“A spectre is haunting Europe — the spectre of postmodernism”. In 1980, reporting on the First Venice Architecture Biennale, French journalist Gérard-Georges Lemaire adapted Marx and Engels’ famous formula, used as opening passages of The Communist Manifesto, in order to describe the state of affaire in European architectural culture. But what exactly had happen to architecture between the mid-1960s and the mid-1980s?

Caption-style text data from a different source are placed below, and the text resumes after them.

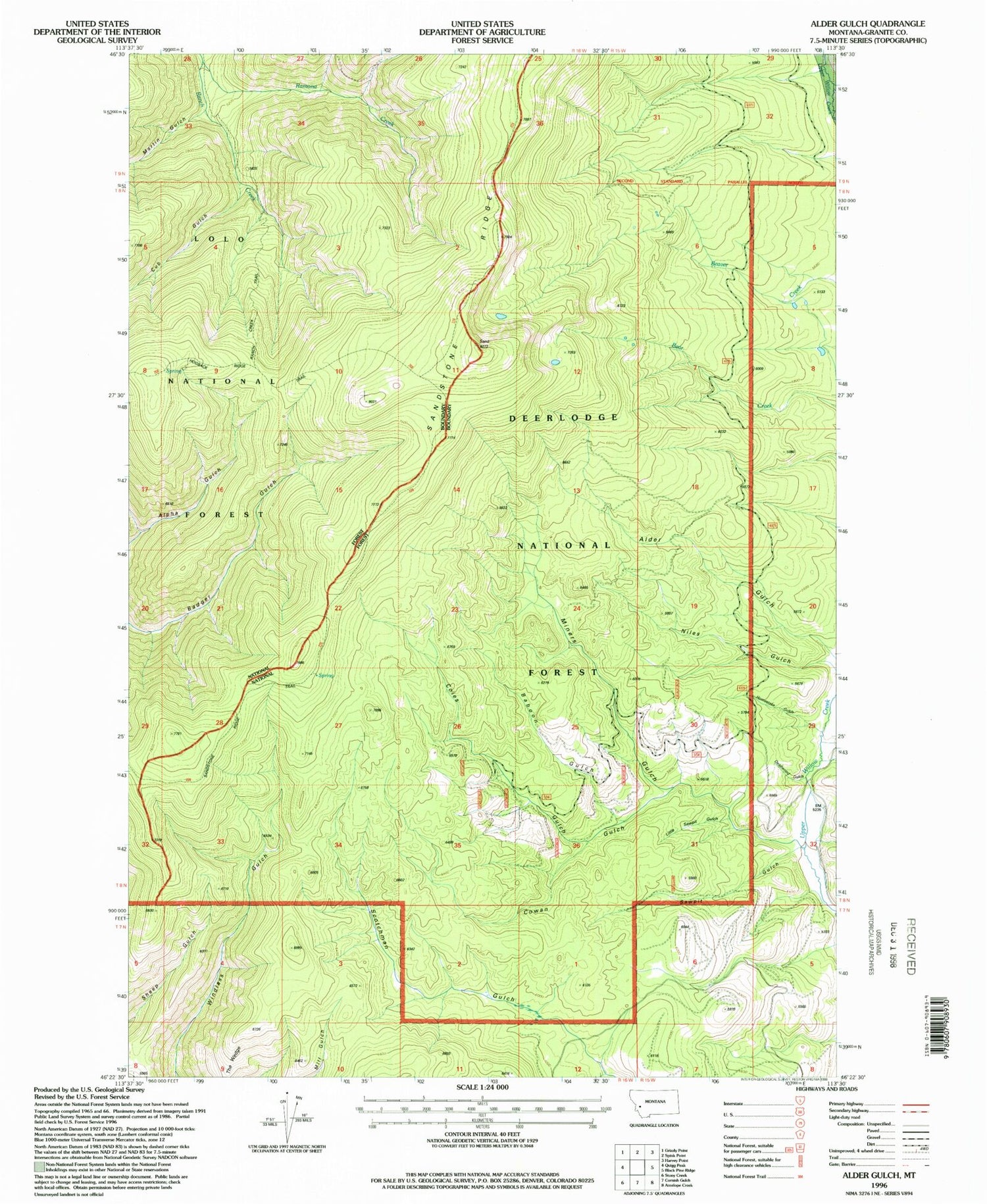 Classic USGS Alder Gulch Montana 7.5'x7.5' Topo Map Image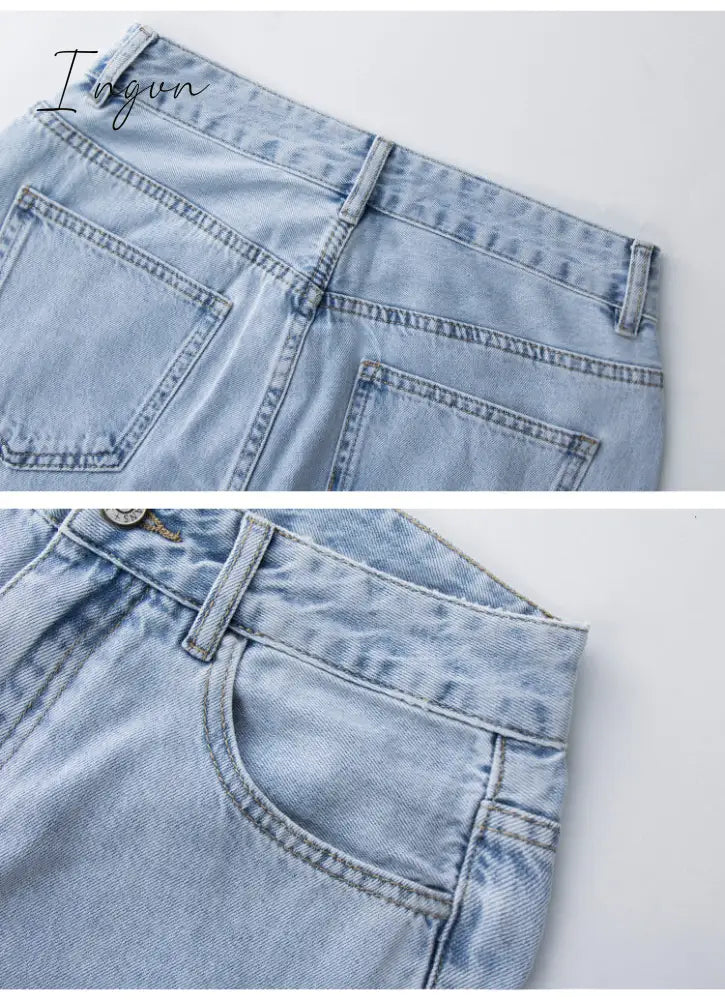 Ingvn - Low Rise Jeans Women Baggy New Fashion Straight Leg Pants Y2K Denim Trousers Blue Vintage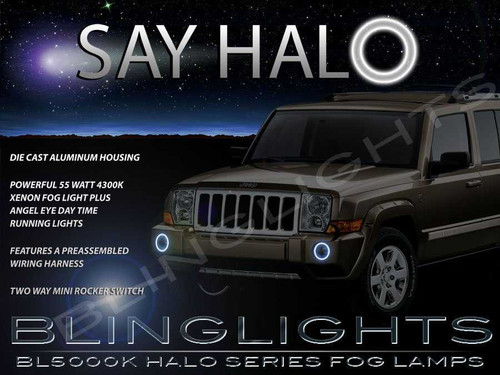 LED Halo Fog Lights for 2006 2007 2008 2009 2010 Jeep Commander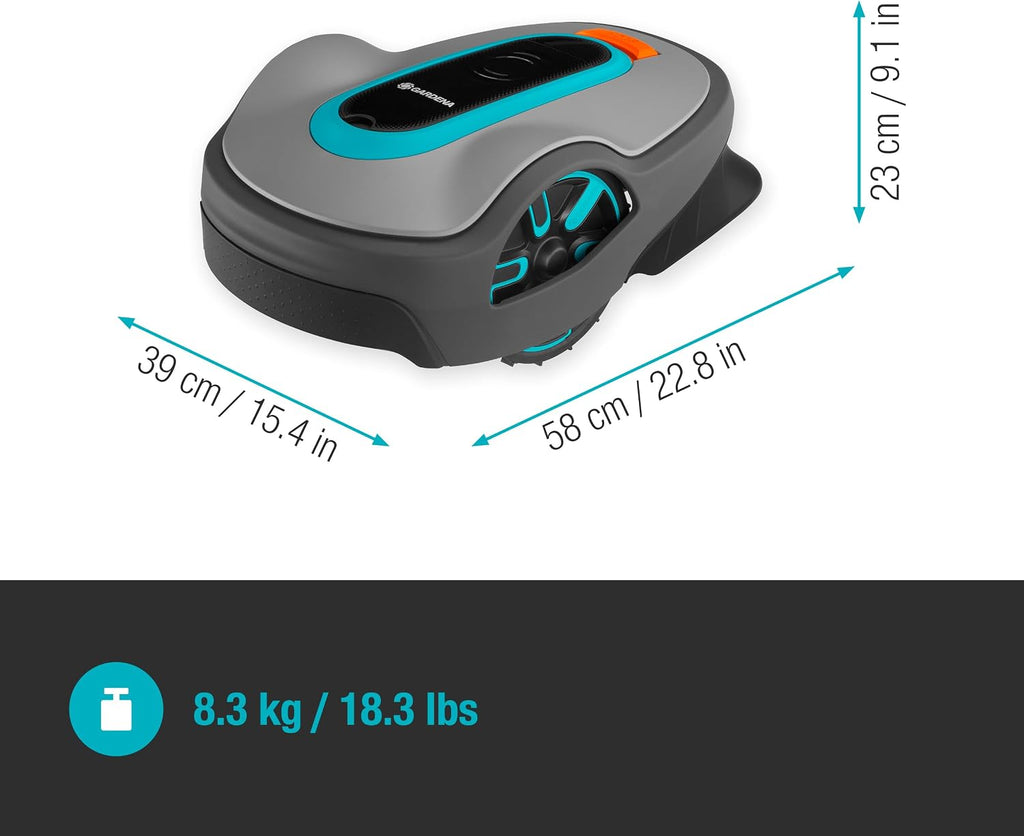 GARDENA 15101-20 SILENO Life - Automatic Robotic Lawn Mower, with Bluetooth app and Boundary Wire, one of The quietest in its Class, for lawns up to 8100 Sq Ft, Made in Europe, Grey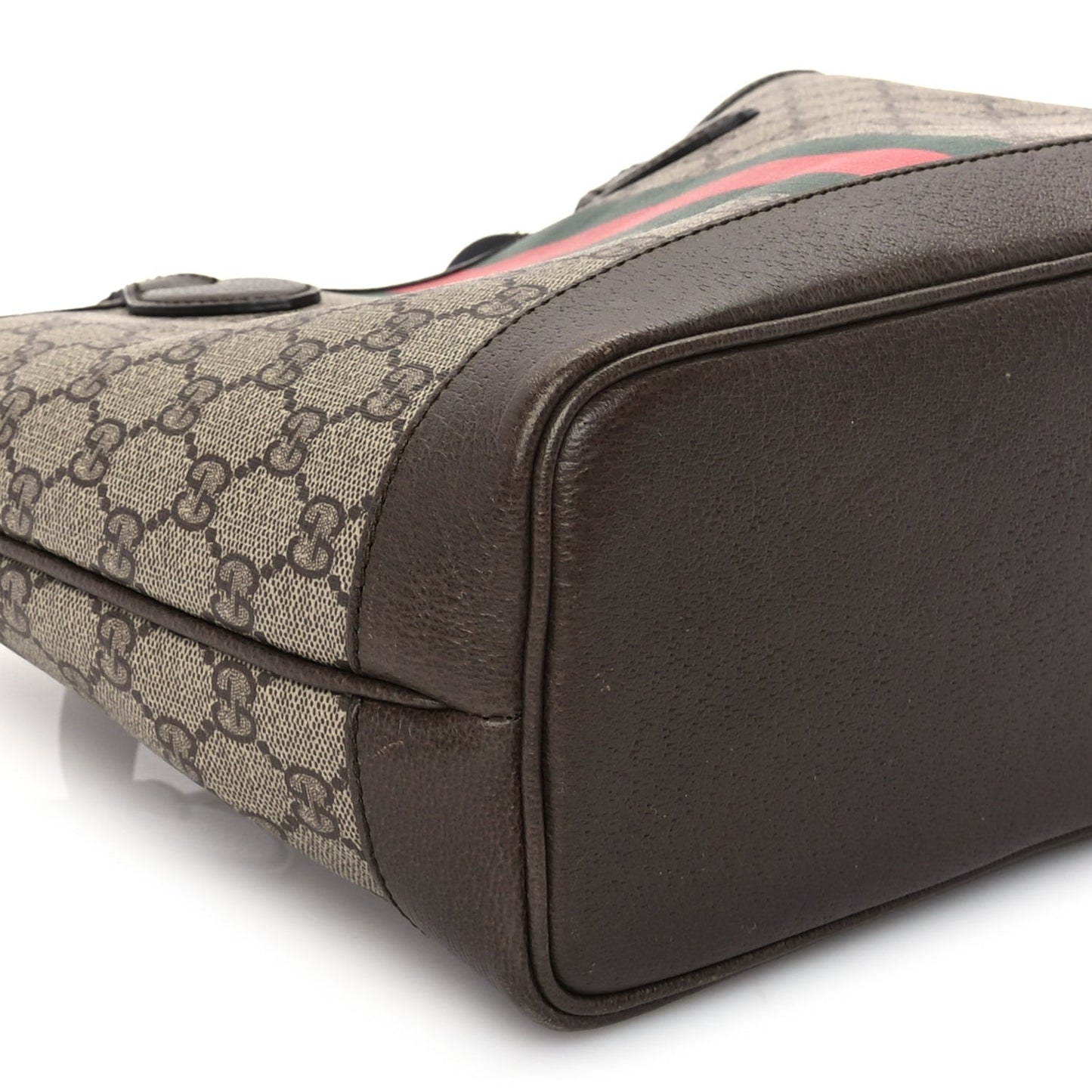 GG Supreme Monogram Textured Dollar Calfskin Web Small Ophidia Tote Beige Ebony New Acero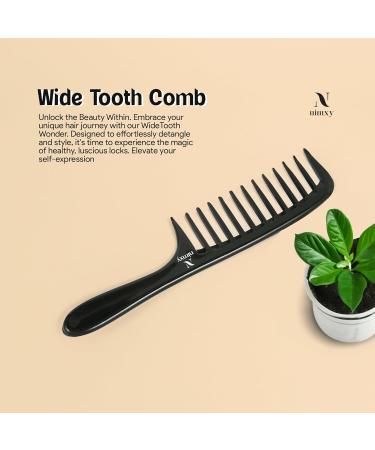 Nimxy Pink Wide Tooth Comb for Curls 3 Pcs - Curl Comb with Comfortable Handle for Detangling Medium to Long Wet and Wavy Hair - hairdressing & Styling Comb (3Pc Black Wide Tooth) - Buy Online on GoSupps.com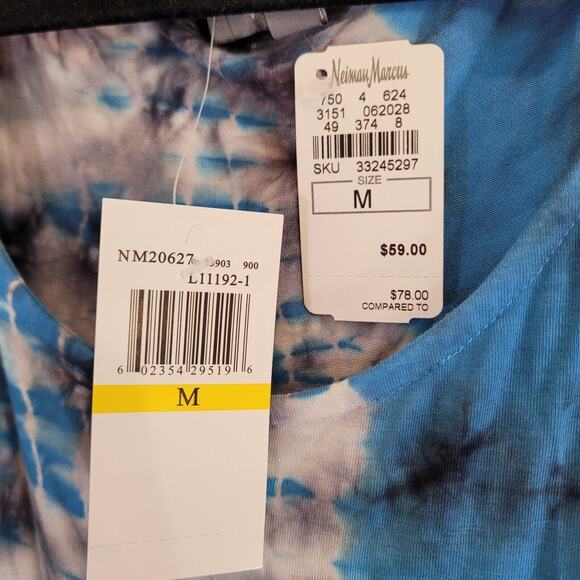 Neiman Marcus Tank Maxi Dress Womens Medium Blue Tie Dye Stretch New NWT - Picture 7 of 9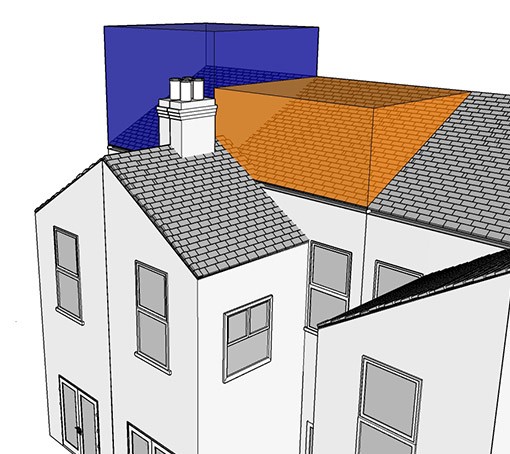 Diagram showing the permitted development volume limits for a loft conversion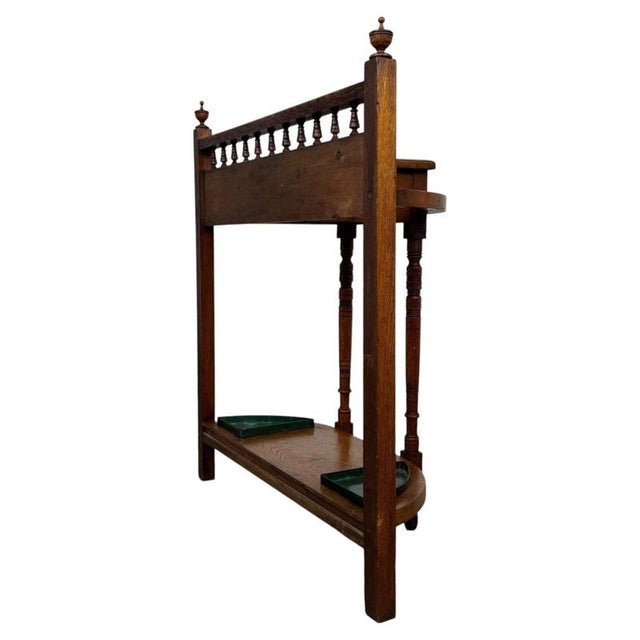 Antique Early 20th Century English Edwardian Golden Oak Hall Stand For Sale - Image 6 of 11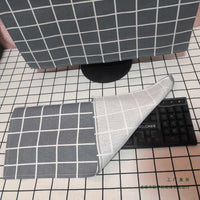 Desktop Computer Dust Cover Full Protection Set for Monitor and Mainframe, Cute Pastoral Plaid Keyboard Cover Cloth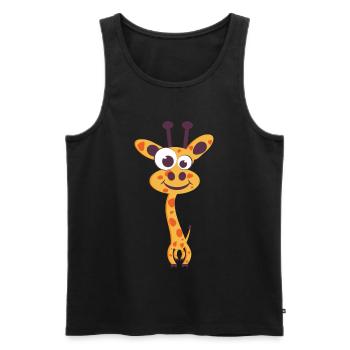 Giraffe Cartoon Jaune Sourire Unique - Débardeur bio Premium Homme - noir - Devant - AI Model Male 178 light (178cm)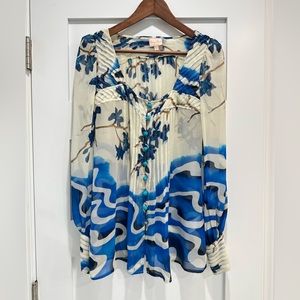 TRACY REESE Dressy Blue Flowers Blouse Sz.S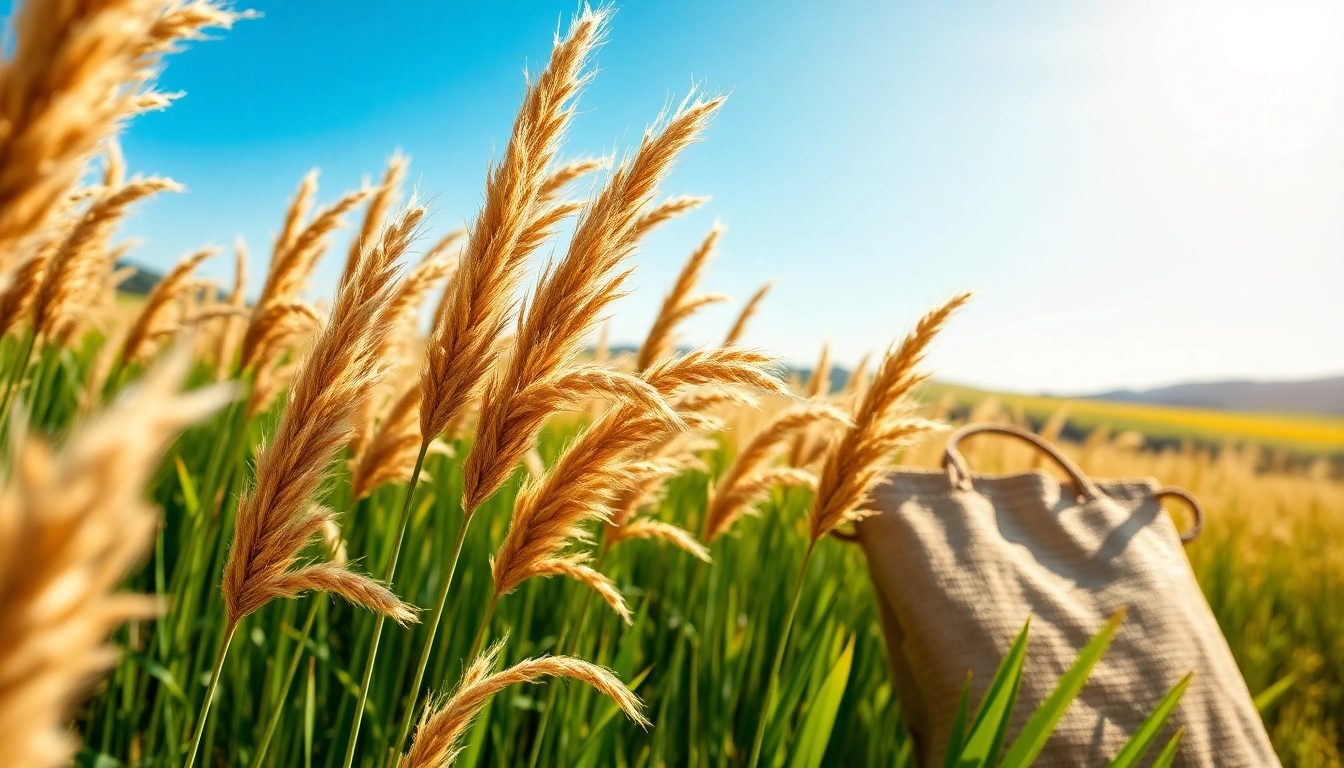 Jute planten in een zonnig veld, met close-up van jutevezels en een jute product ernaast.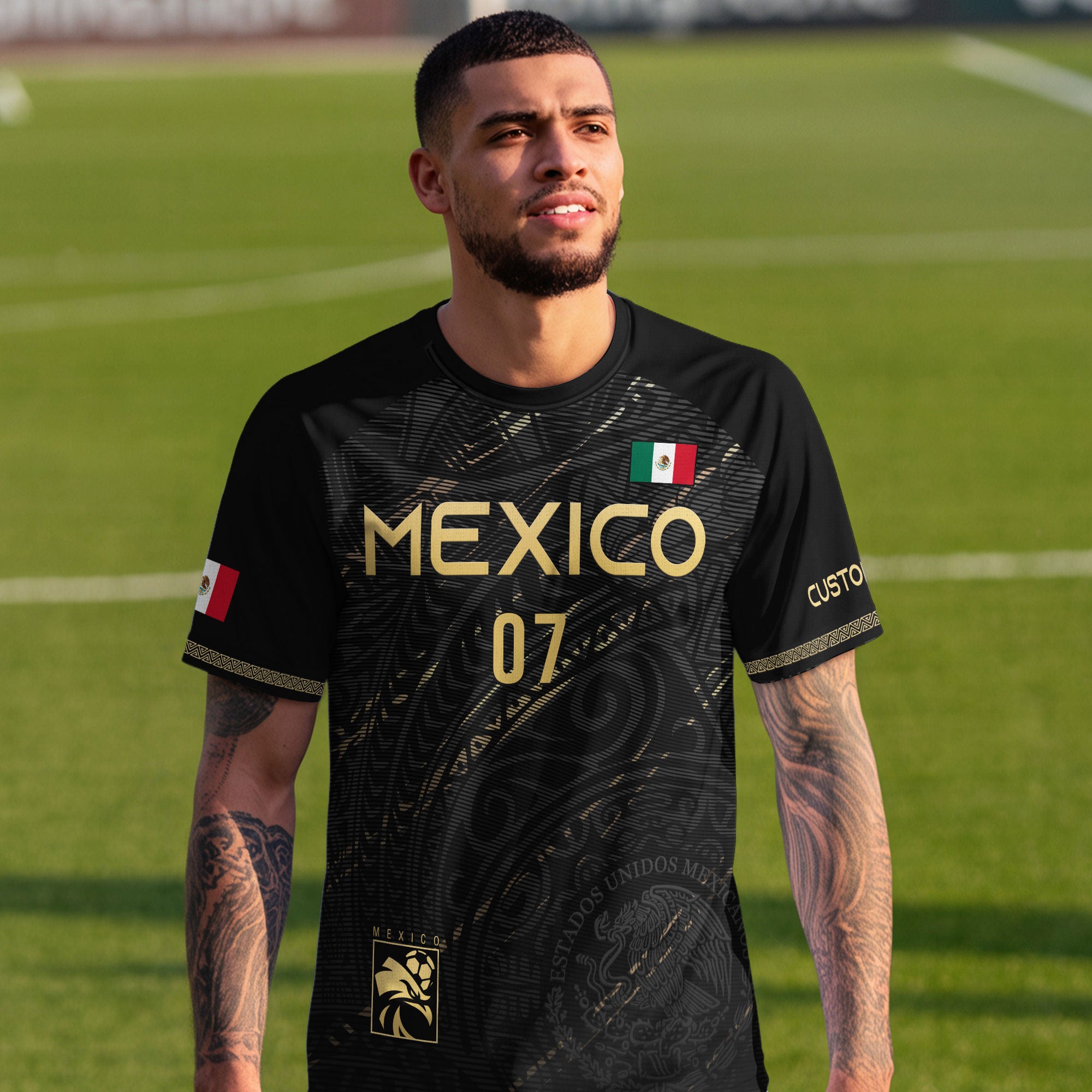 Custom Black Gold Mexico Soccer Jersey with Eagle Design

Starting from the general assumption that postmodernism is the era that follows modernism; this seminar aimed at defining the term postmodern in relation to architecture. With the demise of the Modern Movement in the late 1950s and early 1960s, architects from Europe and America (amongst others) increasingly started to use historical references, colour and ornament, while aiming at communication through a polysemic architectural production. In order to convey “meaning”, postmodern architects used diverse modalities of reference such as nostalgia, satire, parody, melancholia, allegory, irony and pastiche.
This theoretical seminar has served to replace the concepts of postmodernity/postmodernism/postmodern within an historical, architectural and artistic context. Following this theoretical and historical exploration of international postmodernism, students were asked to further explore the particularities of postmodernism within the scandinavian context. In the final workshop for this course, students produced an original research (ideally using unexplored archives related to postmodernism). The result of these researches are presented in this volume.
The book Understanding Postmodern Architecture: A Norwegian Perspective contains work by students Kirsten Hammer, Maria Bjørnland, Mille Herstad, Eivind Nesterud, Hanne Jülke Roer, Oda Havstein, Mathilde Engen Stabekk, Maia Hodne, Maria Hummelsund, Ingrid Dobloug Roede, Håvard Mørkved Bohne, Ulrikke Dreyer, Ingrid Engøy Henriksen, Øyvind Anker Ljosland, Stefan Aaberg Landøy, Truls Aastebøl, Li Zhang, and Nils Henrik Henningstad. It is edited by Léa-Catherine Szacka, instructor of the elective course Understanding Postmodern Architecture, Fall 2013.
The launch will be followed by a round table discussion with Jan Digerud, Anna Ulrikke Andersen, Ingrid Dobloug Roede, and Léa-Catherine Szacka.